As both institutions reported on Tuesday, The United States Military Academy and the University of Oklahoma have agreed to a home-and-home football series to begin in 2018. The Cadets are slated to travel to Norman, Oklahoma on September 22nd, 2018, while the Sooners are expected to visit West Point and Michie Stadium on Sept. 26, 2020.
It will be the first meeting of the two schools since a November 18th 1961 matchup in which then-head coach Bud Wilkinson's Sooners narrowly defeated the Black Knights by a final of 14-8 at Yankee Stadium in New York City. In total, Army and Oklahoma have met three times in their respective histories, with the Sooner winning two of those three contests.
While both programs have enjoyed periods of unprecedented success in their long and storied histories, it goes without saying that they've taken dramatically different roads over the last decade. The Sooners, led by 11th year head coach Bob Stoops, are coming off of a 12-2 year and an appearance in the BCS National Title game. The team has compiled a 102-19 record over the past nine seasons, and has finished in the AP Top 25 in four of the past five years. Army, in contrast, is breaking in a new head coach in Rich Ellerson in 2009, with the former Cal Poly head coach attempting to break a cycle of losing that has seen the Black Knights go an abysmal 20-85 over the last nine years.
Army has not been to a bowl game since 1996. Oklahoma has been to a bowl each of the past ten seasons, with seven of those appearances coming in the form of BCS Bowl games. Going .500 figures to be a considerable accomplishment for the former team in 2009, while anything short of a National Title is considered by many to be a disappointing finish for the latter.
Not exactly a "tossup" game, wouldn't you say?
The disparity in records notwithstanding, I wouldn't call this a bad scheduling move by Army AD Kevin Anderson, whom I praised earlier this week for taking the initiative in setting up future high-profile games against Notre Dame, Rutgers, and Boston College. As shown by the example of Chet Gladchuk at the Naval Academy, a carefully conceived plan which features select games against both nationally recognized foes and regional rivals can do wonders for a program like Army, which continues to gain steam in its pursuit to become ‘America's Team.'
In more ways than one, the move to schedule Oklahoma is an extension of the move to schedule Notre Dame at Yankee Stadium in 2010 and to play the Irish again in 2013. While games with Boston College and Rutgers can certainly be counted as ‘high-profile,' future Army slates beyond 2013 lacked a top-of-the-line national power up until this week's announcement. Playing Oklahoma gives the Black Knights a chance to stay in the spotlight well after these meetings, and gives Rich Ellerson and his staff yet another playing card to entice future recruits away from Navy and Air Force, who similarly are slated to play national title contenders in the next two seasons (Navy will travel to Ohio State to open 2009 while Oklahoma will host Air Force in 2010.)
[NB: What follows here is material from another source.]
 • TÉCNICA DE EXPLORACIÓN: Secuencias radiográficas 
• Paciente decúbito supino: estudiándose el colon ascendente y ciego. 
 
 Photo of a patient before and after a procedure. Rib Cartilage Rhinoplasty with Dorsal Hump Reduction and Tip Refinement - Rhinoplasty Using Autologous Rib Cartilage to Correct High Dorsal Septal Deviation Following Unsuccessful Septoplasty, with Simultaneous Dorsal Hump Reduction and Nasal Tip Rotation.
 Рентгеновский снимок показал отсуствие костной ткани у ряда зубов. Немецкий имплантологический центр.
Likewise, the game may not be as impossibly daunting as it first appears. Don't forget that the Sooners suffered through threes straight losing campaigns under John Blake between 1996-1998, with only the arrival Stoops in 1999 signaling the start to the program's 21st century on-field renaissance. While there's no reason to think Stoops wouldn't be in Norman in he year 2018 – and even if he wasn't, that the program would take a step back – one has to admit that a lot can happen in nine years, and that programs have risen and fallen in shorter times spans than that (hey, just ask Washington or Kansas State!)
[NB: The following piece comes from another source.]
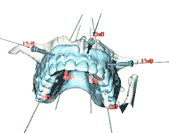 Conventional Dental Implants Conventional Dental Implants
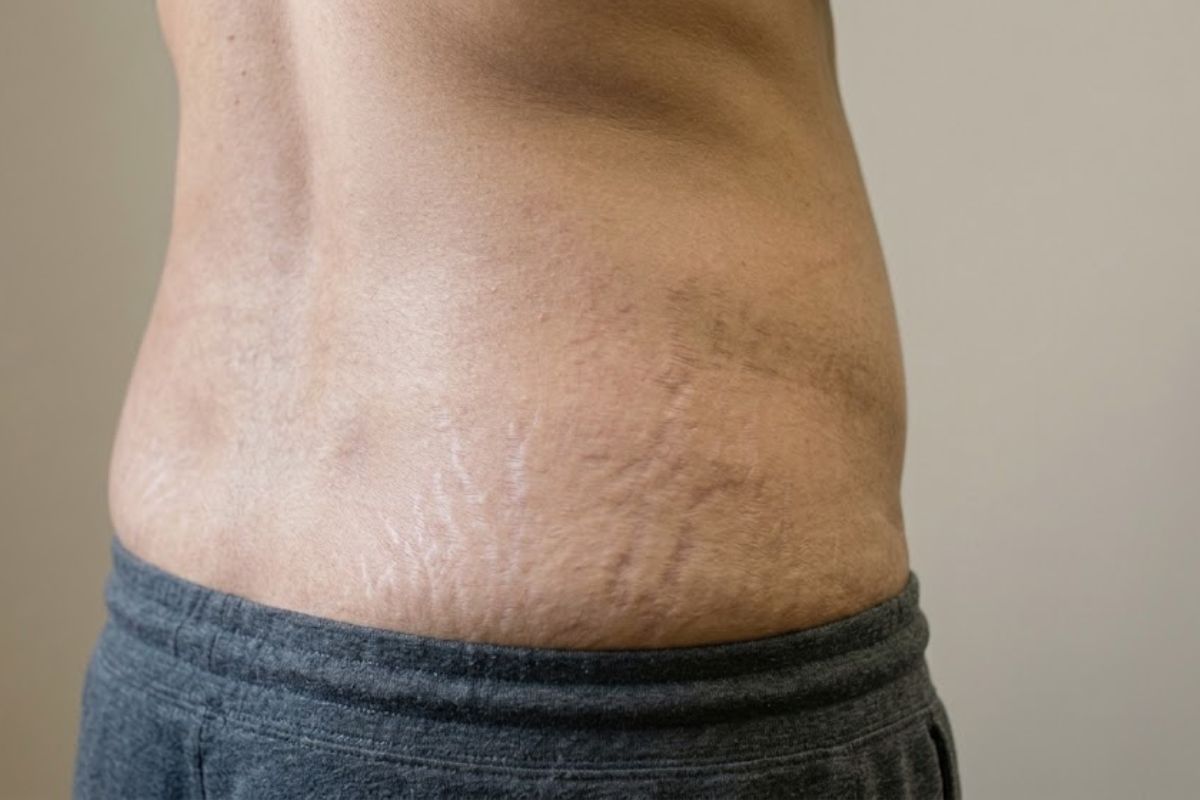 After treatment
Add in the fact that the state of Oklahoma features a large number of U.S. servicemen and women and the always possible chance of the 2020 matchup being moved to Yankee Stadium, and this latest scheduling move sounds almost flawless, right?
Maybe not. For as great as this future series sounds at the present, there is always the question of whether or not the game itself will ever come to fruition. Let's face it, a lot can happen between now and 2018. And no, I'm not talking about that end of the world conspiracy nonsense. I'm talking about change, and the very real possibility that both the Oklahoma and Army programs could be in dramatically different states in just a few years. Will the game still be in each team's best interest then?
Tough to say, especially with the future of the BCS hanging in the air. While we know Anderson is using his recently earned capital ins scheduling a game like this, can we be so sure that Oklahoma will want to continue this series if the ante is raised in the near future as far as getting to a National Championship game goes? In other words, will the Sooners still be willing to play an even mid-level non-BCS team in 2018 if it could mean the difference between millions in bowl payout? Joe Castiglione has headed the OU athletic department since 1998; will he still be in Norman to assure this game goes on by the time 2016 or 2017 roll around?
If nothing else, Kevin Anderson's latest scheduling move confirms my earlier suspicion, and shows that when it comes to upping the exposure of the program, Army's previously maligned Athletic Director will leave no stone unturned. While a lot can happen between now and 2018, Army football can benefit right now from just the possibility of playing this game in the distant future. With football in the air on the banks of the Hudson and Army in the news on a weekly basis, Anderson continues to put the program in a position to be recognized by the rest of the college football world.